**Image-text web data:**
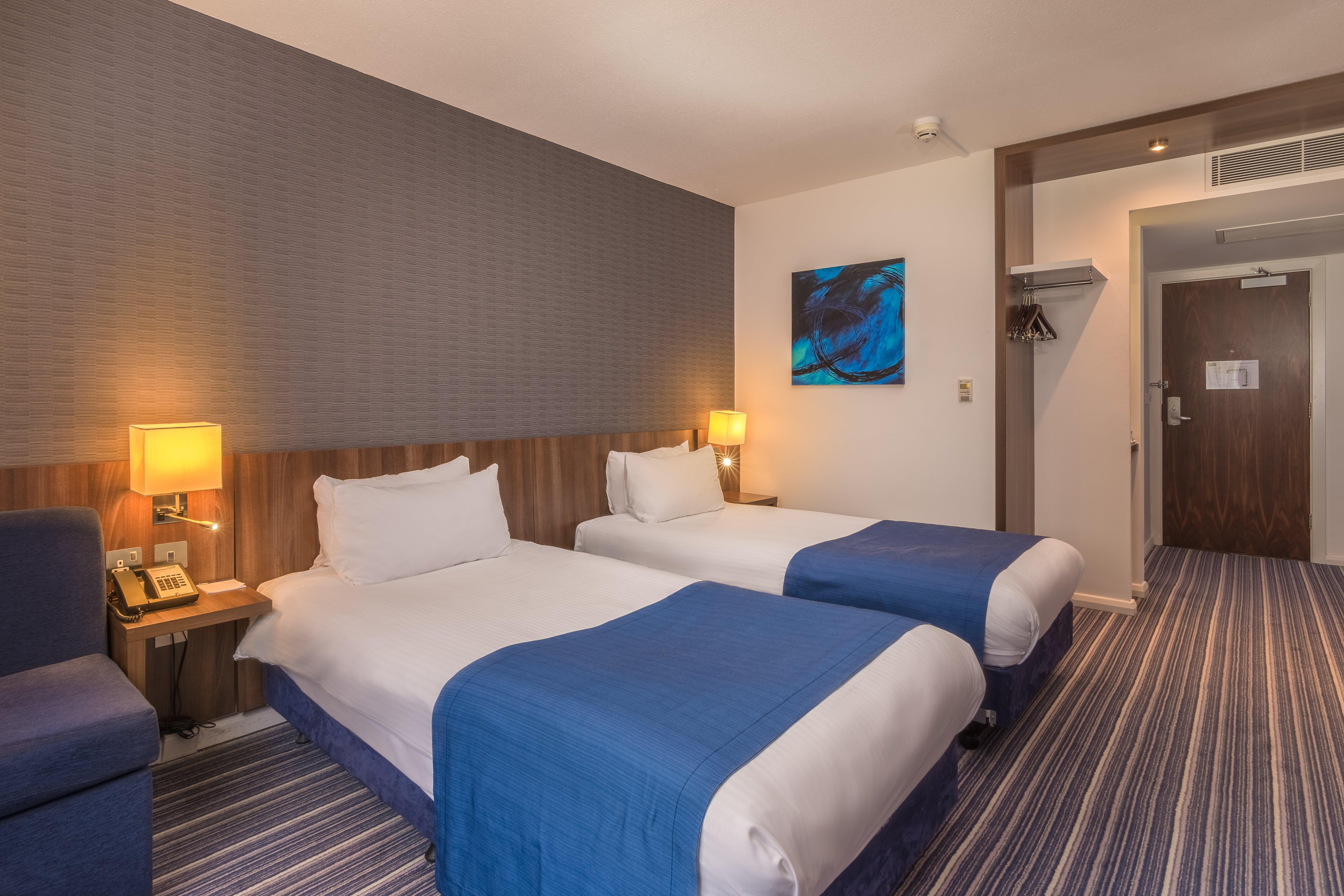 Holiday Inn Express Preston South By Ihg Экстерьер фото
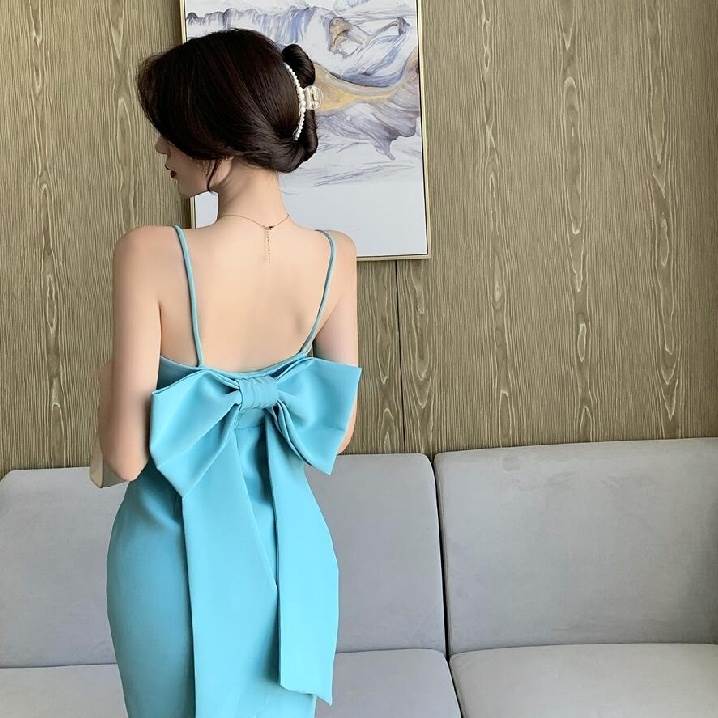 キャバドレス ミニ ひざ丈 ワンピース ドレス レディース キャミ 肩出し バックコンシャス バックリボン ブルー 青 水色 パーティードレス 無地 ミニ丈 スリット タイト キャバ ギャル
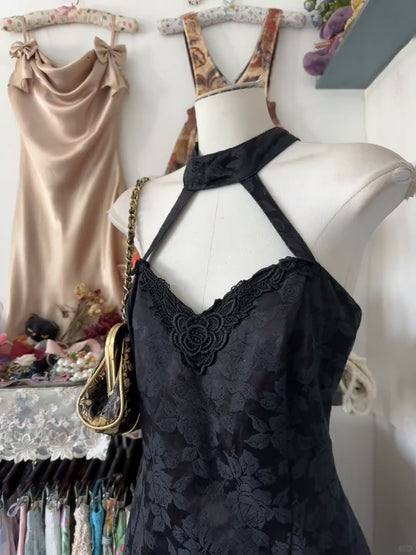 Superbe robe de soirée noire en velours jacquard à col licou et dos nu ED02319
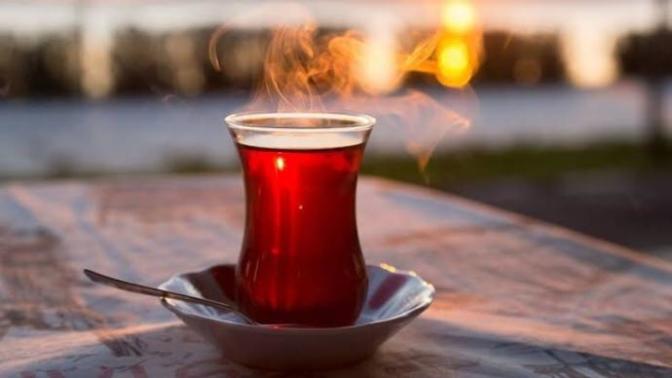Bir gün boyunca en fazla kaç bardak çay içebilirsiniz?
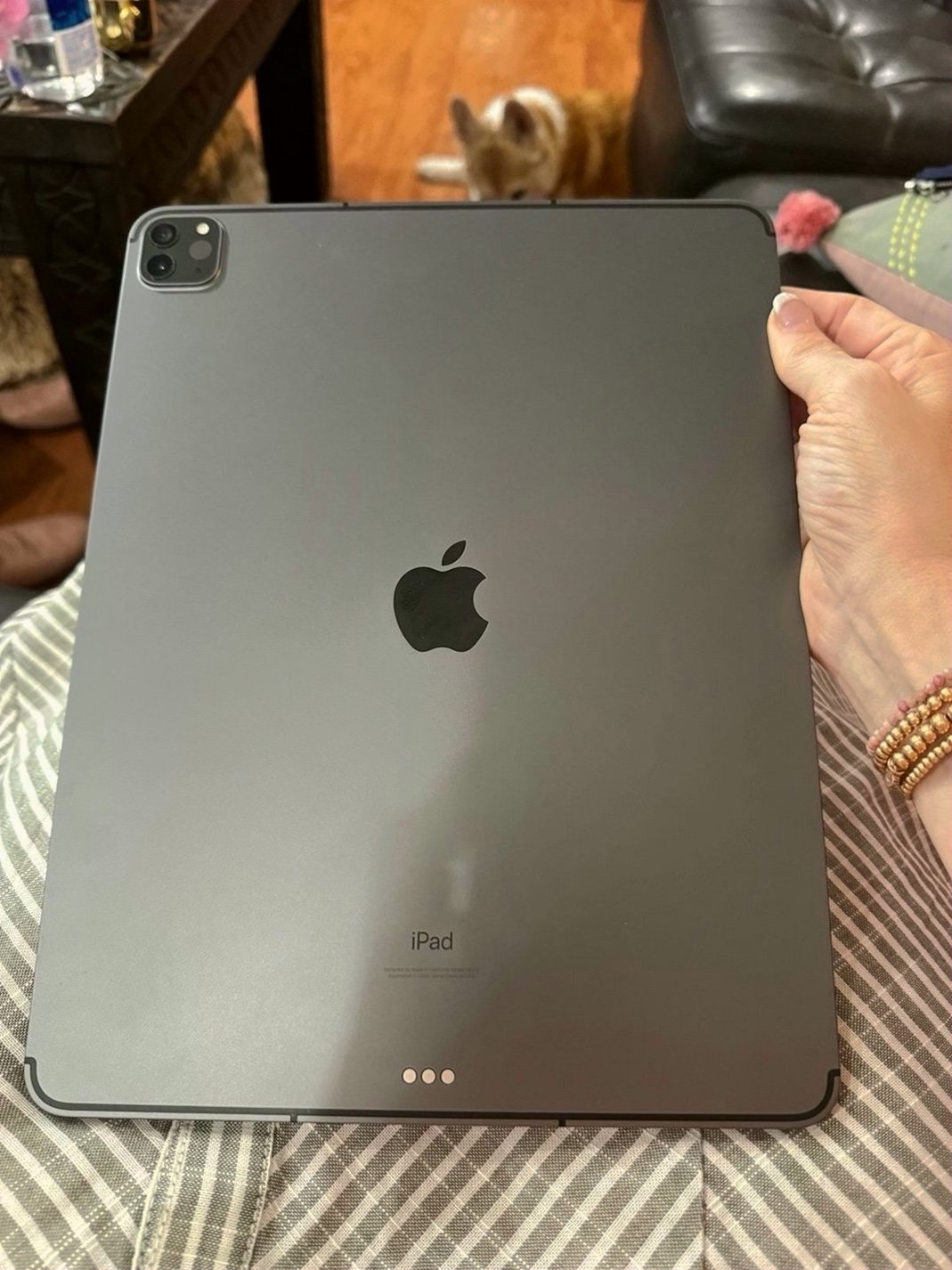 Apple iPad Pro 5th Gen 2TB Space Gray Unlocked - Used image 4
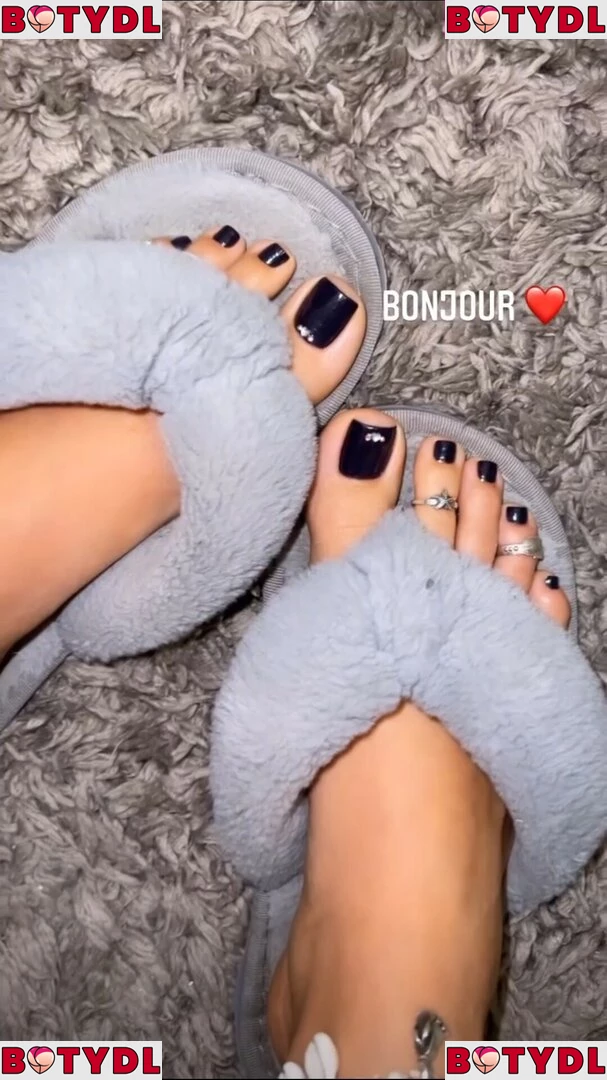 Mariefrenchgirlfeet Onlyfans Photo Gallery 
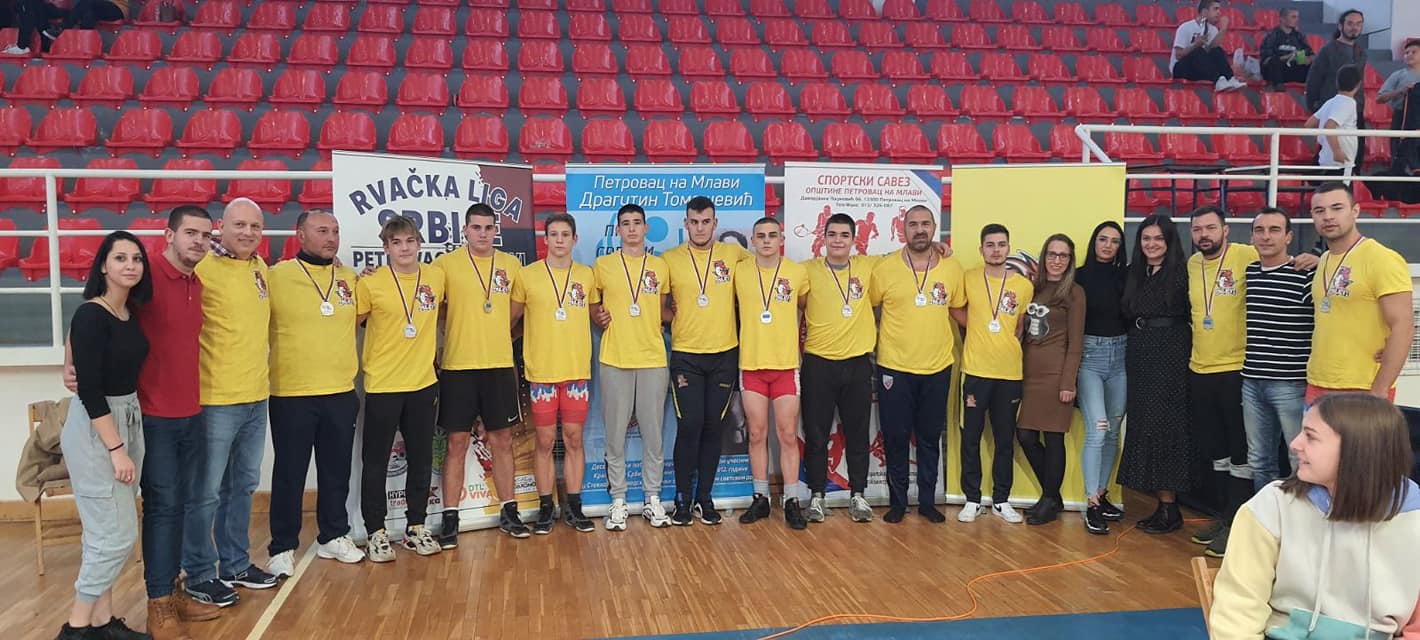Odlični rezultati petrovačkih rvača, drugo mesto na turniru II lige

**What to do:** Please set down each line of the data above exactly as written, without the pictures.

**Task result:**
 Holiday Inn Express Preston South By Ihg Экстерьер фото
 キャバドレス ミニ ひざ丈 ワンピース ドレス レディース キャミ 肩出し バックコンシャス バックリボン ブルー 青 水色 パーティードレス 無地 ミニ丈 スリット タイト キャバ ギャル
 Superbe robe de soirée noire en velours jacquard à col licou et dos nu ED02319
Bir gün boyunca en fazla kaç bardak çay içebilirsiniz?
 Apple iPad Pro 5th Gen 2TB Space Gray Unlocked - Used image 4
 Mariefrenchgirlfeet Onlyfans Photo Gallery 
Odlični rezultati petrovačkih rvača, drugo mesto na turniru II lige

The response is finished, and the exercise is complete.